Task prompt
Exactly repeat all the records below, omitting the images they hold.

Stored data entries
Start of Block

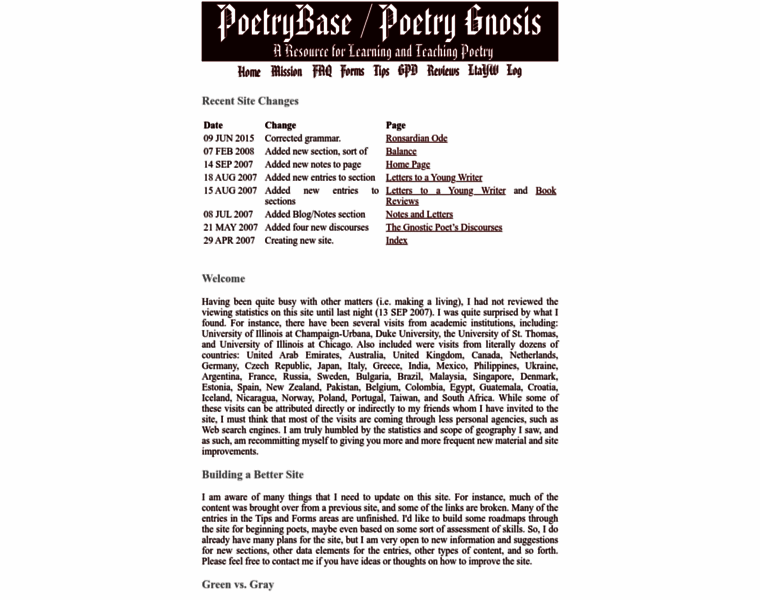 Poetrybase.info thumbnail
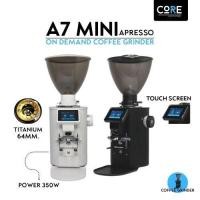 ราคา เครื่องบดเมล็ดกาแฟออโต้ APRESSO A7 MINI เฟือง 64 mm. ON DEMAND (43404309330)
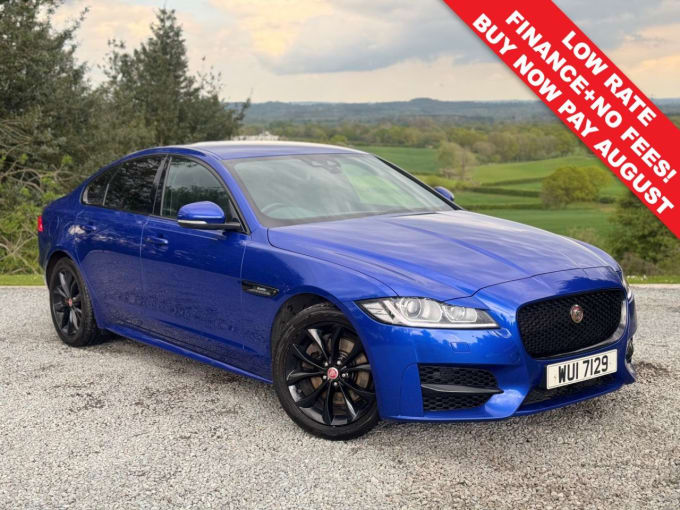 2025 Jaguar Xf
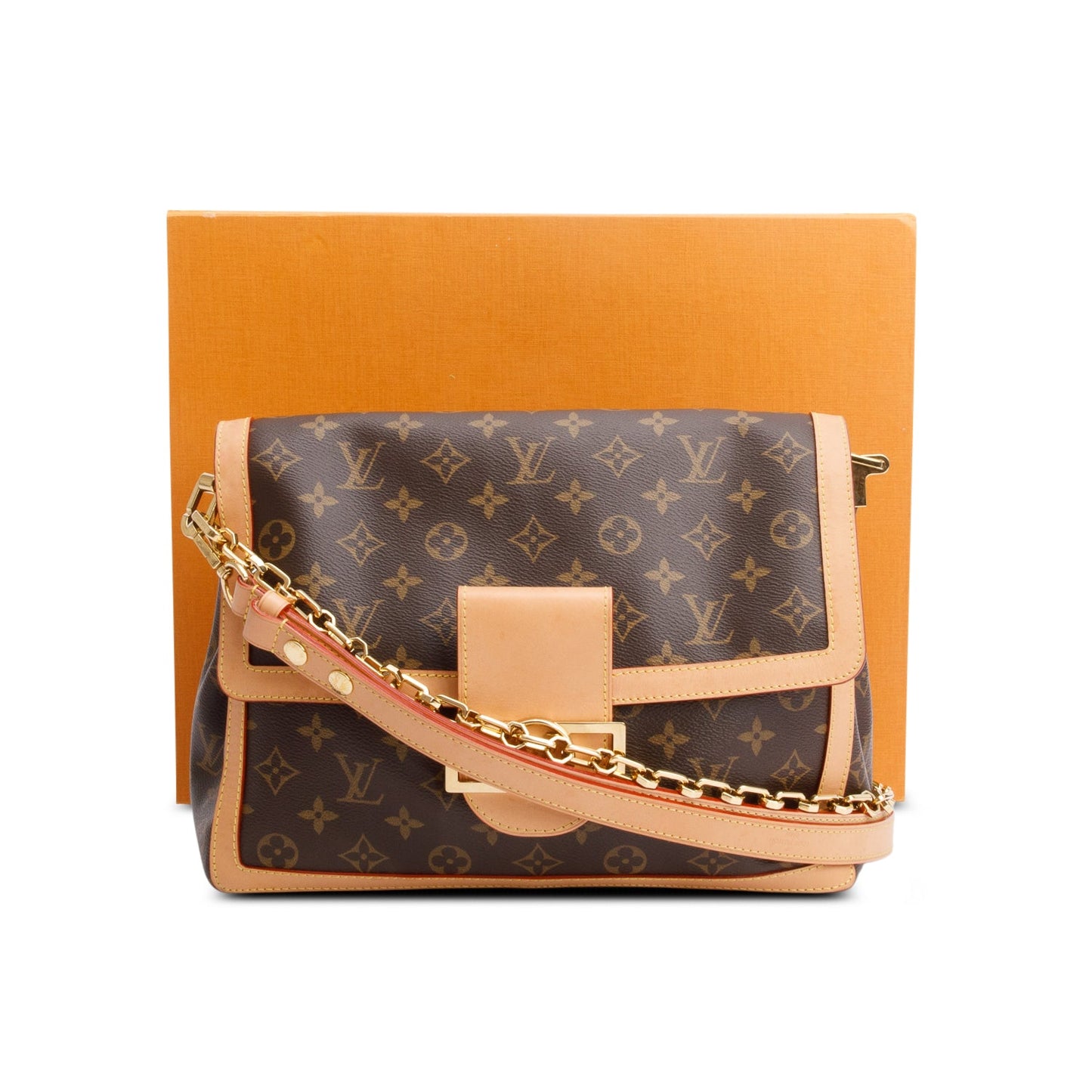Louis Vuitton 2024 Monogram Dauphine Soft GM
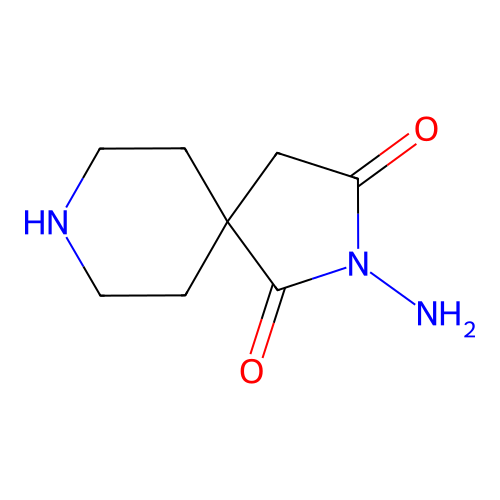 2-Amino-2,8-diazaspiro[4.5]decane-1,3-dione structure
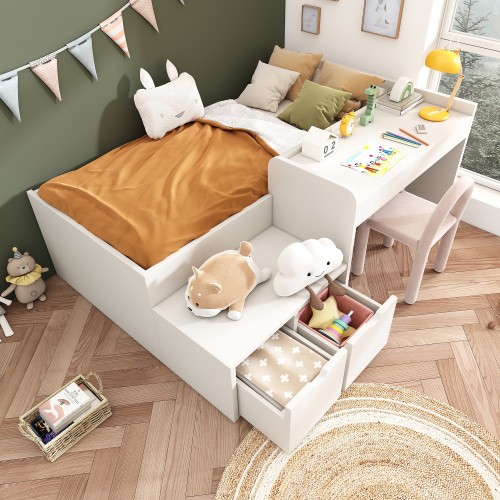 Kids single bed with - with, &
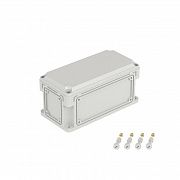 Корпус 300х150х146мм IP67 с непрозр. крышкой 21мм с фланцами пластик. DKC 531210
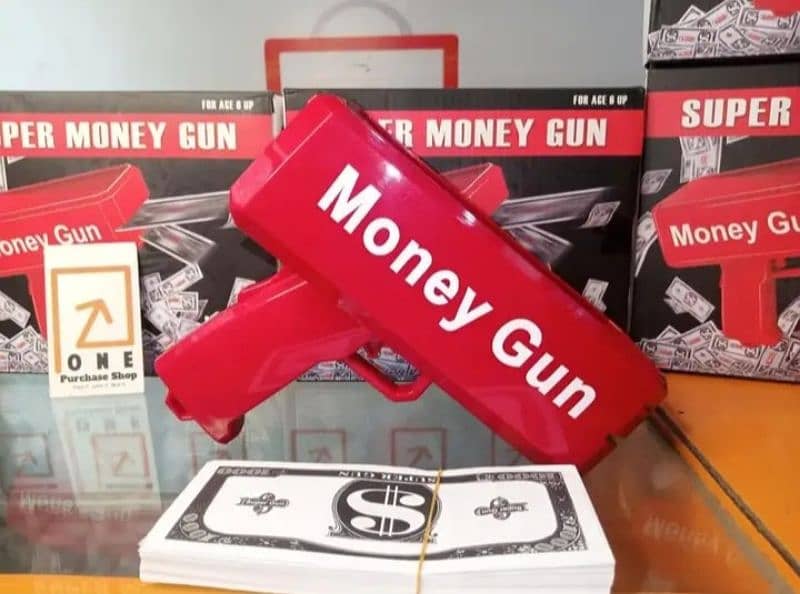 Super Money Gun/Cash Gun/Dollar Gun 1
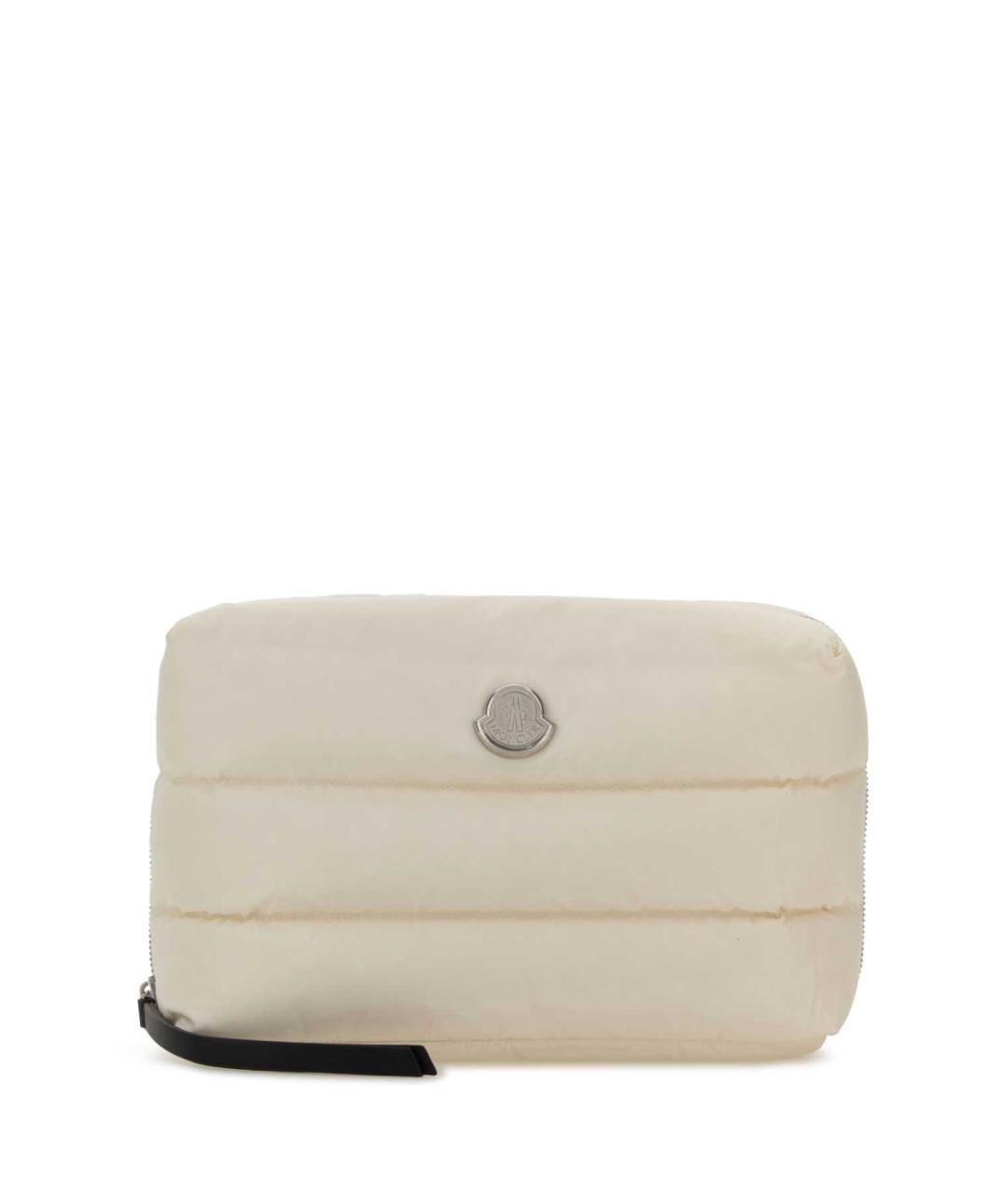 MONCLER Белая косметичка, фото 1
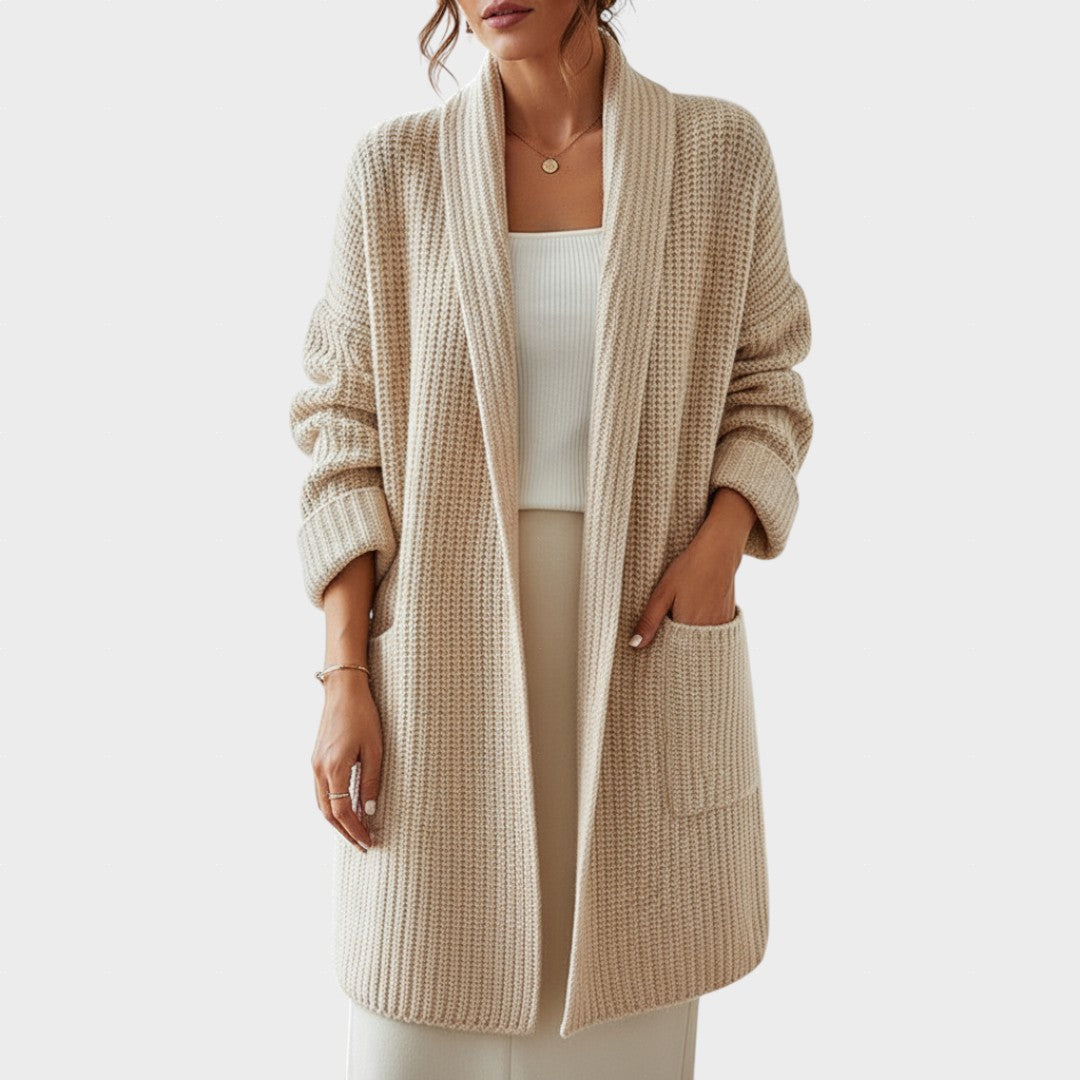 Lily™ | Cozy Pocket Cardigan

End of Block

Answer section
 Poetrybase.info thumbnail
 ราคา เครื่องบดเมล็ดกาแฟออโต้ APRESSO A7 MINI เฟือง 64 mm. ON DEMAND (43404309330)
 2025 Jaguar Xf
Louis Vuitton 2024 Monogram Dauphine Soft GM
 2-Amino-2,8-diazaspiro[4.5]decane-1,3-dione structure
 Kids single bed with - with, &
 Корпус 300х150х146мм IP67 с непрозр. крышкой 21мм с фланцами пластик. DKC 531210
 Super Money Gun/Cash Gun/Dollar Gun 1
 MONCLER Белая косметичка, фото 1
 Lily™ | Cozy Pocket Cardigan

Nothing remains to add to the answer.